Tom Moon paints a double picture when he describes Bloque. On one hand, he depicts a group disappointed in the mainstreaming of Latin American music. On the other hand, he also says that the musicians of Bloque approached their debut album with an attitude influenced by American hip-hop. Neither is entirely false, but Moon overstates the second half. There are hip-hop moments on "Bloque," but that's almost par for the course with modern Latin American music. I live around Washington Heights, and I hear it every day. But Bloque feels its Columbian roots strongly, and tries to introduce it to the '90s without selling the music out.
Moon's statements about the mainstreaming of Latin American music is 100 percent correct. I could have told you this, even as a child, based strictly on the Gloria Estefan albums my parents own. If my parents have an album, it's got some mainstream appeal behind it. And at this point, even the Santana resurgence hadn't started yet. My summary of these pop albums would include a conga and Spanish guitar. They exclude the rest of the percussion and polyrhythms that we've come to expect (based on every other Latin American album we've heard so far). Bloque includes the congas, but "westernizes" with a standard drum set as well, maintaining the necessary polyrhythms.
Instruments like horns and the Hammond organ are things we've heard before on salsa albums, but Bloque uses the instruments to establish a different vibe than they might've during the '60s. Check out the intros to "el Hedor" and "Lo Que Sucede" to feel how funky the tone is. Something completely different is the guitar of bandleader Ernesto Ocampo. His riffs frequently duel an acoustic guitar, but not in stereotypical flamenco fashion, and his solos are right out of the '80s hard rock scene, reminiscent of Living Colour's Vernon Reid. Ocampo's playing on "Lo Que Sucede," shifting from quick-picking to a ballad-style outro typifies how Bloque feels comfortable switching songs and styles mid-track.

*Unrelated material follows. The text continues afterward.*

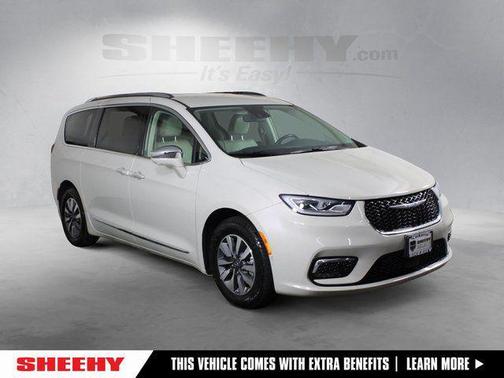 Luxury White Pearlcoat 2021 Chrysler Pacifica Hybrid Limited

If you want a taste of everything that Bloque offers, go to "Descarga." The opening percussion and guitar licks sound like Santana, but everyone gets a chance to shine. There's an excellent organ solo, plus spotlight moments for guitar, bass and flute. The percussion section tops it off with a bitchin' break. The short call-and-response vocal section will comfort those who think Bloque has slid too far from the Latin American music of old.
The hip-hop moments take the form of heavier bass lines and rapped vocals in "Rap del Rebusque," but these don't water down the Latin identity of the album. This stuff is definitely too out there for my parents, but will appeal to rock fans thanks to Ocampo's guitar. The attitude is similar to that of Arepa 3000, but a little more accessible.
INTERESTING FACT: Bloque is probably the only group you'll see ever in this blog that doesn't have a Wikipedia page.